» **TASK INPUT**:
____________

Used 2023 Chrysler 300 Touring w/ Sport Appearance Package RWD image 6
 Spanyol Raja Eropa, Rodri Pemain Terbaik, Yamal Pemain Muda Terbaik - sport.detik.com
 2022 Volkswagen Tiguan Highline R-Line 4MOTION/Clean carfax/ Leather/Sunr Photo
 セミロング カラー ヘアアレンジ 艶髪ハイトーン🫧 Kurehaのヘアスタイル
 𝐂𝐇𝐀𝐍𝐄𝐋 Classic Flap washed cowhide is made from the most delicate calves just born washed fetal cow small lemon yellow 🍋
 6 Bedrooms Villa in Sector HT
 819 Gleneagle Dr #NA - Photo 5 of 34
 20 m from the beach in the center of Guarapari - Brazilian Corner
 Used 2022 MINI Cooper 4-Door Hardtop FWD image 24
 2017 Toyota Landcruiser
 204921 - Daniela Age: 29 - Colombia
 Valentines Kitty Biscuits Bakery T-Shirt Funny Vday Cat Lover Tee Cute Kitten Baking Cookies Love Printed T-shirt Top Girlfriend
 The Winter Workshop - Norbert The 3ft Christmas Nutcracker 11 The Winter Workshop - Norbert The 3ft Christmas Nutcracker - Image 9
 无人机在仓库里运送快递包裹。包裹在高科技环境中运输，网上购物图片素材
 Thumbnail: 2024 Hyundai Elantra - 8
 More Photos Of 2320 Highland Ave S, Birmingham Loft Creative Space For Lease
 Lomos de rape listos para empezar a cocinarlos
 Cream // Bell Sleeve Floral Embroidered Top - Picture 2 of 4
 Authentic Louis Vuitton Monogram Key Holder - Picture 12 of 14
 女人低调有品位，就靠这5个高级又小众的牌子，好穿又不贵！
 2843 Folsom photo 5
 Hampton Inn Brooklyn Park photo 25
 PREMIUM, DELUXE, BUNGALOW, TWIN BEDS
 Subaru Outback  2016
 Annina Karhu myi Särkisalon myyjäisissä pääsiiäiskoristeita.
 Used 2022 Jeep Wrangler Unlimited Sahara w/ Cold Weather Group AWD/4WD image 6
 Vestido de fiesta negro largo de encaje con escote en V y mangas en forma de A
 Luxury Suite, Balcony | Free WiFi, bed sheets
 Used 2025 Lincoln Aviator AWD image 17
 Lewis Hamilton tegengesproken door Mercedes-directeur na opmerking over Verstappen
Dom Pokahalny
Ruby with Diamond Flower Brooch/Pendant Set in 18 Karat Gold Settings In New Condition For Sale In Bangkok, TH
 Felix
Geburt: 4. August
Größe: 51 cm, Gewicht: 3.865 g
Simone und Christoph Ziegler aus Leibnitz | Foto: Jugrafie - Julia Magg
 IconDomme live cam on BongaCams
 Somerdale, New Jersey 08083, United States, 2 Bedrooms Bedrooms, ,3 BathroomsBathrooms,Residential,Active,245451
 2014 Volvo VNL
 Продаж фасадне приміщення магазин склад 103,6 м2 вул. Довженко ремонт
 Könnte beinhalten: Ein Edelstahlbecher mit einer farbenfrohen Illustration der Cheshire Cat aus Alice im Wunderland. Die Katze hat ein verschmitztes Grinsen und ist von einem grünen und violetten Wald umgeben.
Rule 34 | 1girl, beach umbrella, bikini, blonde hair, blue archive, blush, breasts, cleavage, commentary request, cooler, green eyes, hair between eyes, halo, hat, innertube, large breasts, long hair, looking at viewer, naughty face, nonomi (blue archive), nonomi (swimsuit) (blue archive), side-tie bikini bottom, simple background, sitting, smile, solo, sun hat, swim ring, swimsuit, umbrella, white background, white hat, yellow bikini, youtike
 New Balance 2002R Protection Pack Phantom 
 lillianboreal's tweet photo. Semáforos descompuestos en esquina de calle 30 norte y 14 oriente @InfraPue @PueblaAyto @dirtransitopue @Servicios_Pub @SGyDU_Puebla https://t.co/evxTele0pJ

____________

Which lines above contain the word "from"? Copy each of them.

 𝐂𝐇𝐀𝐍𝐄𝐋 Classic Flap washed cowhide is made from the most delicate calves just born washed fetal cow small lemon yellow 🍋
 20 m from the beach in the center of Guarapari - Brazilian Corner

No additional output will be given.